Finally, the judge also rejected an argument that an ATE policy is privileged from disclosure because the policy is taken out for the dominant purpose of conducting litigation and/or it is likely to reflect legal advice given as to prospects and tactics: "In my view, it is unlikely that privilege attaches to an ATE policy as such on either ground (litigation or advice), except to the extent .... that parts of a policy (such as, possibly, the amount of premium..) may attract legal advice privilege and require redaction on the basis that the relevant part might allow the reader to work out what legal advice had been given".

COMMENT: The judge's comments about XYZ in relation to CPR r18 are interesting, especially given the difficulties of convincing a court to exercise its discretion under CPR r3.1. Prior to that decision, it had been held in Harcourt v Griffin (see Weekly Update 32/07), that CPR r18 was wide enough to cover the provision of information regarding the defendant's insurance cover, but the opposite view was reached in West London Pipeline v Total (see Weekly Update 24/08).
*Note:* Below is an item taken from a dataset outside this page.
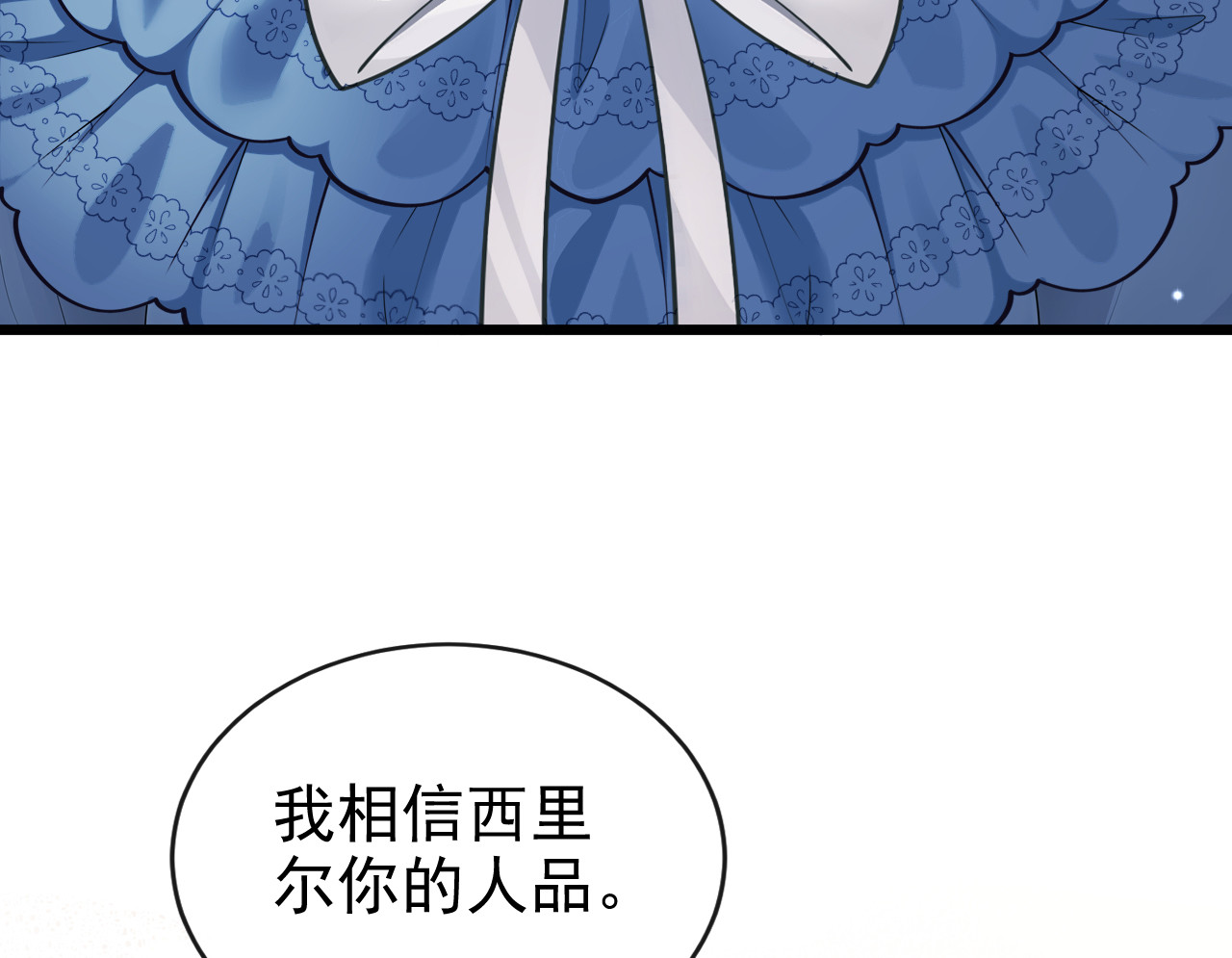 第23话 特训计划！ 第 24 页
The issue has not yet come before the Court of Appeal, though.

McBride v UK Insurance: Court of Appeal determines how to calculate the base hire rate for a car where the credit hire company provided a nil excess

http://www.bailii.org/ew/cases/EWCA/Civ/2017/144.html

This Court of Appeal decision is the latest in the long-running saga between the motor insurance market and credit hire companies. Earlier cases have established the following principles: (1) An innocent party must mitigate his loss eg by hiring a replacement vehicle; (2) He will be able to recover the cost of a replacement vehicle as damages; (3) In general, he can recover the cost of hiring the replacement vehicle on credit hire terms; (4) However, if his financial circumstances are such that he did not need to use credit, his damages will be only the basic hire rate of the vehicle. In Stevens v Equity Syndicate Management (see Weekly Update 09/15), the Court of Appeal held that a reasonable approximation of the basic hire rate will be the lowest reasonable rate quoted by a mainstream supplier for the hire of a vehicle of the kind actually hired by the claimant to a person such as the claimant.
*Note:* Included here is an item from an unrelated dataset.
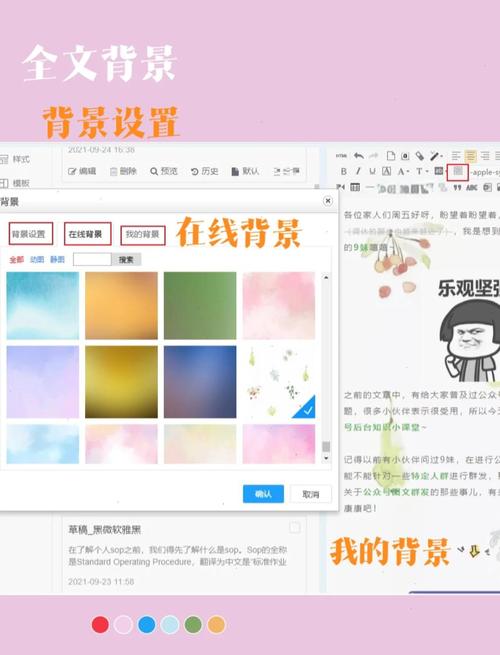 如何改网页背景色？-图1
In this case, the credit hire company provided a nil excess to the claimant (who, on the evidence, had a low excess on his own car insurance and always reduced the excess to nil when he hired a car), at a cost of £10 per day. However, none of the mainstream suppliers used to find the basic hire rate provided a nil excess (and those with the lowest daily hire rate had excesses of £2,000). The appellants argued that the judge ought to have allowed the claimant to recover the credit hire rate in full in such circumstances. That argument was rejected by the Court of Appeal.
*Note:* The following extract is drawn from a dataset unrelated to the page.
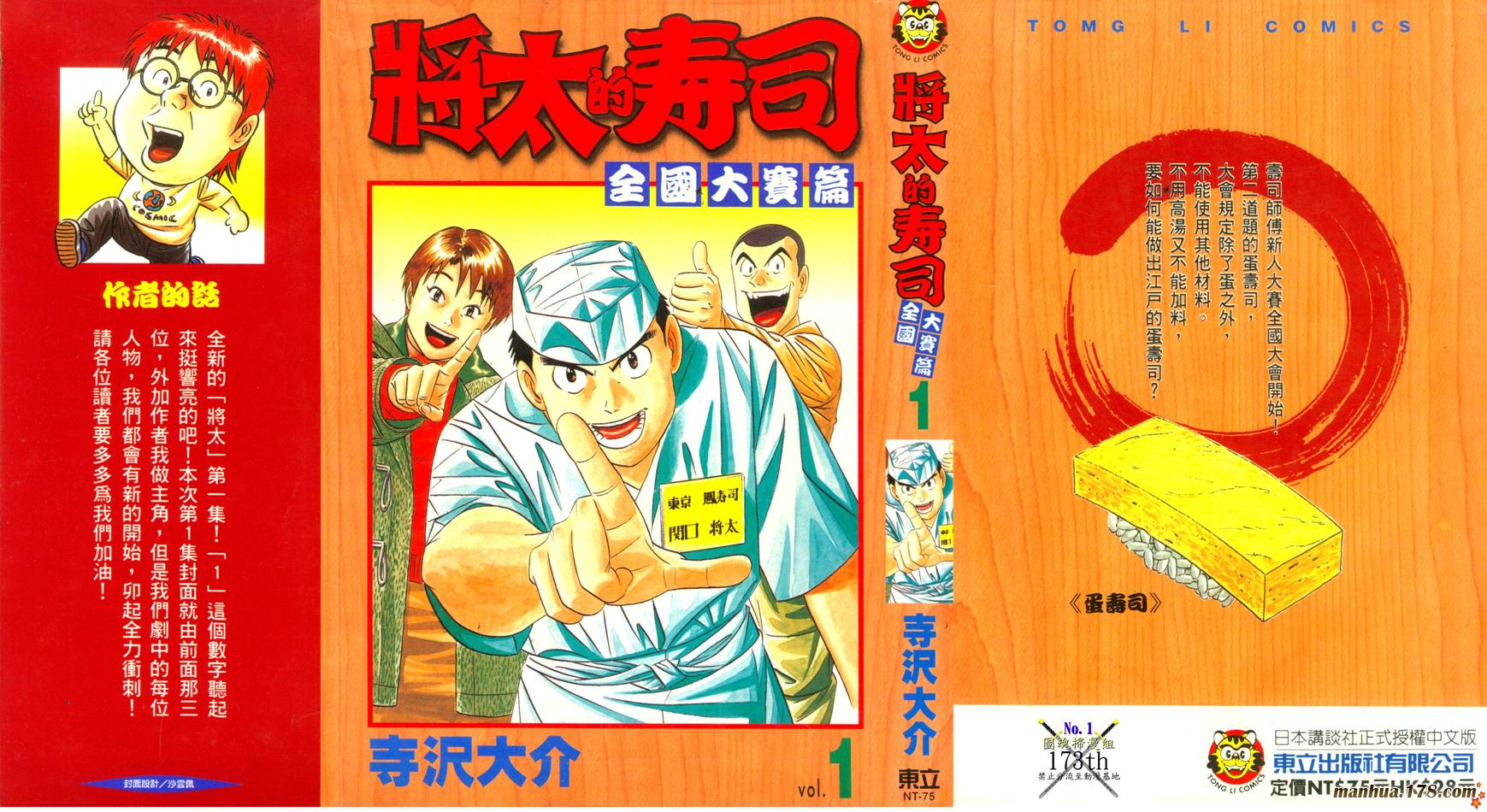 将太的寿司全国大赛篇第1卷图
The Court of Appeal rejected an argument that Stevens had been wrongly decided and held that it was correct to take the lowest reasonable rate of a mainstream supplier. It also rejected the argument that the full credit hire rate should have been recoverable here: "in my judgment, where a nil excess is not available from car hire companies, the correct approach is to treat the nil excess separately from the comparison exercise between the default credit hire rate and the basic hire rate with an excess. It will almost invariably be the case that it was reasonable for the claimant to seek a nil excess ... and, on that hypothesis, the only question for the Court will be how much should be recoverable as the cost of purchasing a nil excess". On the facts of the case, the only viable nil excess cover on offer was that provided by the credit hire company and the Court of Appeal allowed an upwards adjustment of the damages recoverable to reflect the cost of the nil excess ie £10 per day plus VAT.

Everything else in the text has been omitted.